And so it should be in the presence of the divine mystery contained in the tabernacle and in the sacraments celebrated in church. There, too, the quality of our silence (not just the absence of talking, no, the quality of our silence) is the measure of the quality of our active participation.

Perhaps the cardinal has put it more simply with these words: There is no real silence in liturgy unless we are turned toward the Lord in our heart. But true silence is the silence of our passions, the heart purified of carnal impulses, washed of all our hatreds and resentments, oriented toward the holiness of God.

Let me conclude with a story I found in the Garabandal Magazine last week. It demonstrates an important truth about the irresistible power of silence and the inadequacy of 'words' in the liturgy. It concerns a man called Maximo Föerschler, a German engineer.

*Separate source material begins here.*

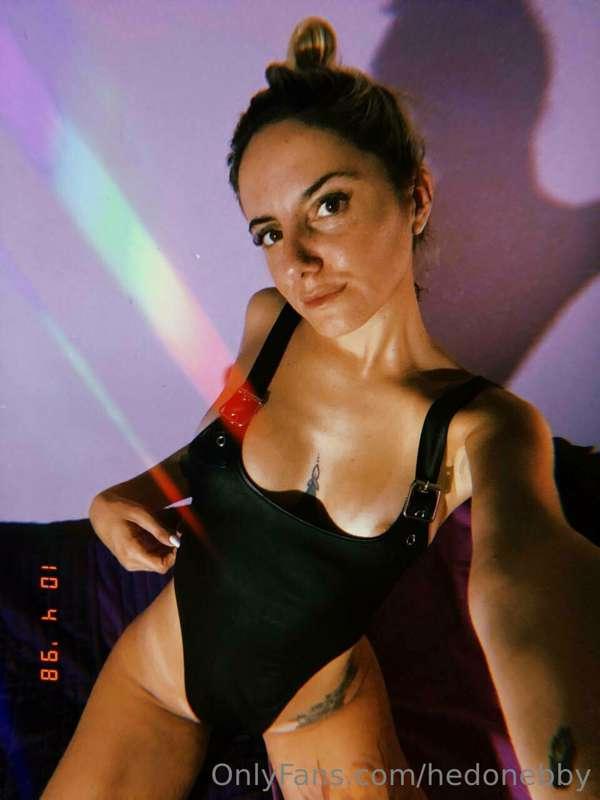 @sweetbubble007

🔥SUSCRIPTION FREE
@sweetbubble007

🖤 sextin..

He was present some decades ago at a certain Mass and he felt great emotion when he saw the author's parents, and presumably in-laws, taking Holy Communion with great respect and devotion. He could see that those people were neither ignorant nor stupid; they were lawyers, doctors, engineers. At the conclusion of Mass he came into the sacristy and asked to be received into the Catholic Church. After some preparation he was baptised in the Cathedral.

Maximo would not have been the first person to be drawn into the Church by the power of the reverence and wordless devotion shown by ordinary people receiving Holy Communion.

Satan is attacking the Eucharist today by trying to remove the sense of the sacred from our liturgy and from our hearts. Unless we make deliberate personal decisions to resist these attacks he will succeed. Perhaps more will be said of this at a later time.